Origin of the digital encoding of accented characters for Esperanto

William_J_G Overington wjgo_10009 at btinternet.com
Tue Mar 24 06:19:26 CDT 2015


WJGO >> It does not seem axiomatic that accented characters for Esperanto would necessarily be included in a digital encoding of the accented characters needed for the languages of Europe.

DS > Where does languages of Europe come from? 

It seems to me that an alternative scenario could quite easily, and possibly more probably, have been what had happened, namely that a list of the countries of Europe had been made and then starting from that list, the main language of each country in that list then be added into a list of languages to be supported, with Esperanto not even having been thought about. Also, it could have been that if Esperanto had been suggested that the idea could have been dismissed as Esperanto were not the language of a country or dismissed for some negative opinion about Esperanto or some other purported reason.

It seems axiomatic that the accented characters for French and German would be included, yet not axiomatic that the accented characters for Esperanto included. So I wondered how they came to become encoded.

Back in the 1960s I saw a list of the accented characters needed to typeset in various European languages. It was in the Riscatype catalogue of metal type. Esperanto was included in that list. Is it possible that that list was used years later in deciding which accented characters to include in an electronic coding?

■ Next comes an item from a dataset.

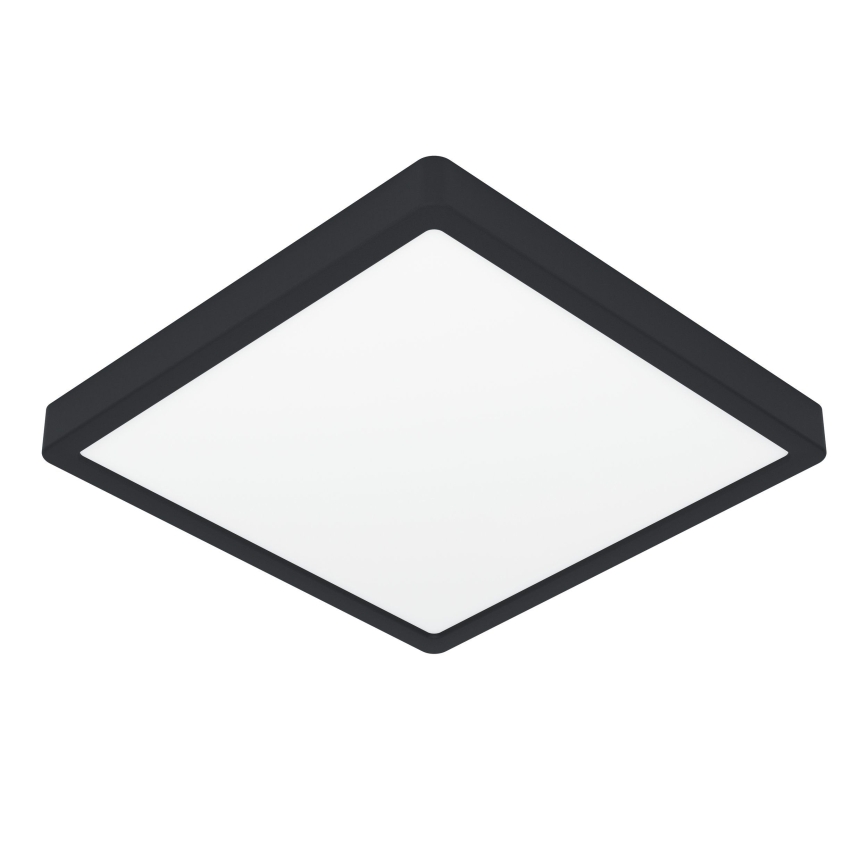 Eglo - LED stropna svjetiljka LED/13W/230V 2700/4000/6500K 29x29cm crna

I remember that in the early 1970s two researchers were trying to translate what they thought was a paper in Spanish and having great problems. I glanced at the text and pointed out that it was Portuguese. Asked if I spoke Portuguese I replied that I did not, but that, being interested in printing, I knew that the a tilde character was used in Portuguese and not in Spanish: so the Riscatype list was helpful to them.

DS > Latin Extended-A is not designed to exclusively cover Europe, and both ISO 8859-3 and Extended-A cover Turkish.

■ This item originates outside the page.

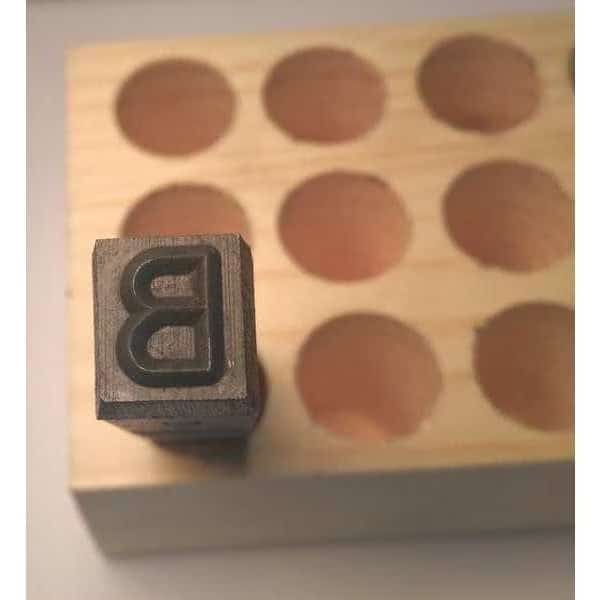 Hand Stamp,3" Shank L,Steel, Mfr#: 06273 B, YOUNG BROS. STAMP WORKS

Well, part of Turkey is in Europe.

DS > The largest Esperanto libraries have about 25,000 books, and there's a large collection of people wanting to use Esperanto on the Internet;  ... 

Fine.

DS > ... moreover, the encoding decision is trivial, being a simple and uncontested set of twelve codepoints.

Well, the decision was not necessarily trivial nor uncontested: that is now a part of history and maybe some documentation will be found to describe what was the situation at the time.

DS > Of all the Latin script characters not encoded in Unicode 1.1, I doubt any of them have 1% the use of the Esperanto characters. Not encoding them upfront would have been silly.

I have been interested in Esperanto since the 1960s when I found an Esperanto dictionary in an antiquarian bookshop. I had not previously known of Esperanto. I asked the bookshop owner about this language and he explained and I bought the dictionary and a copy of the English version of the book The Life of Zamenhof, by Edmond Privat. Soon after I bought a copy of Teach Yourself Esperanto and some years later in the early 1970s I bought the Teach Yourself Esperanto Dictionary. In the late 1990s I gained two certificates in Esperanto, namely for Elementary and Intermediate levels.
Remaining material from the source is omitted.